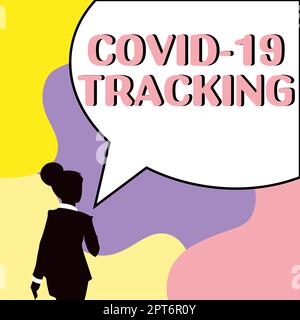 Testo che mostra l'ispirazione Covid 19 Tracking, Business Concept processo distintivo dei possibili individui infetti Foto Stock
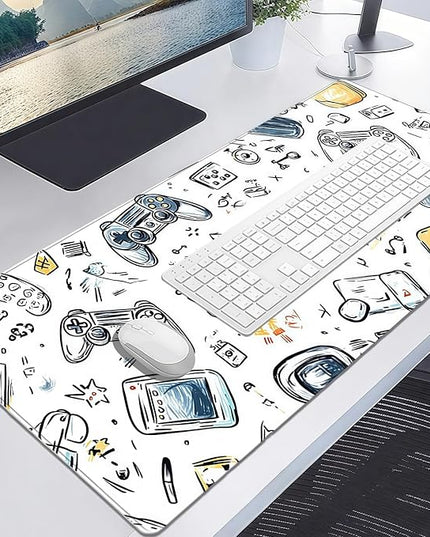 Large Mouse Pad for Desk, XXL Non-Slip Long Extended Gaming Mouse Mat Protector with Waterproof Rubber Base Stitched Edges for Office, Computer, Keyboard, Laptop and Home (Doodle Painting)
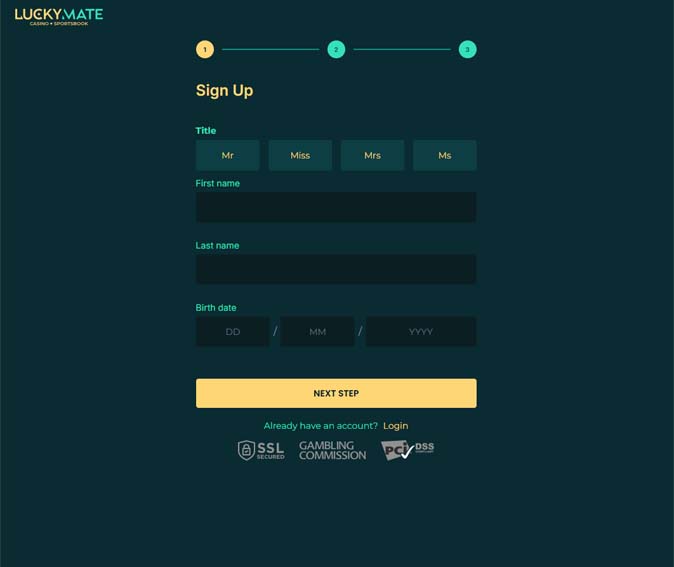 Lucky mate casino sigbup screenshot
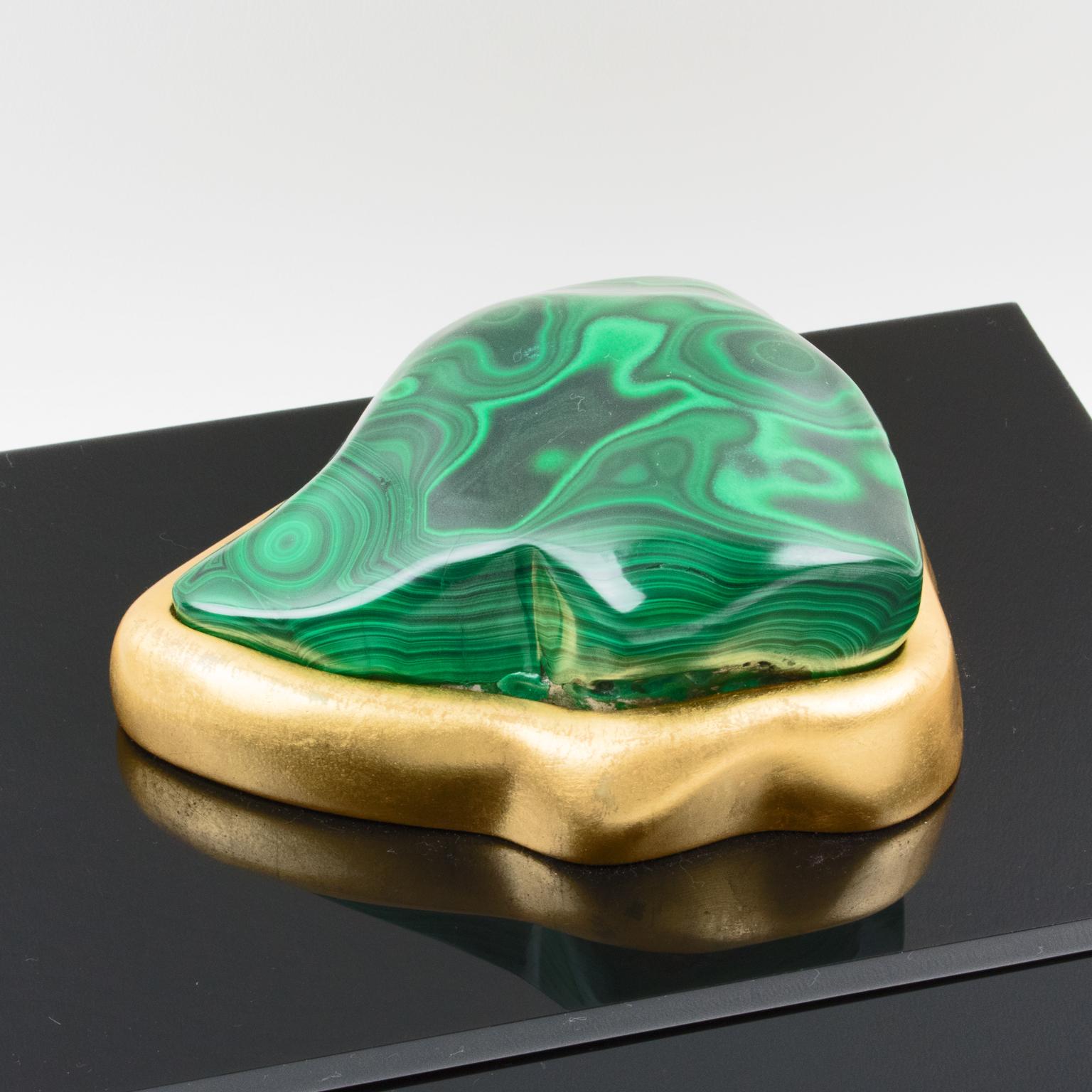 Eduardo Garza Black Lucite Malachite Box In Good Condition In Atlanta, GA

------------

Exact copy, no pictures: please print the data above once more.

* **RESULT FOR THIS TASK**
 Testo che mostra l'ispirazione Covid 19 Tracking, Business Concept processo distintivo dei possibili individui infetti Foto Stock
 Large Mouse Pad for Desk, XXL Non-Slip Long Extended Gaming Mouse Mat Protector with Waterproof Rubber Base Stitched Edges for Office, Computer, Keyboard, Laptop and Home (Doodle Painting)
 Lucky mate casino sigbup screenshot
 Eduardo Garza Black Lucite Malachite Box In Good Condition In Atlanta, GA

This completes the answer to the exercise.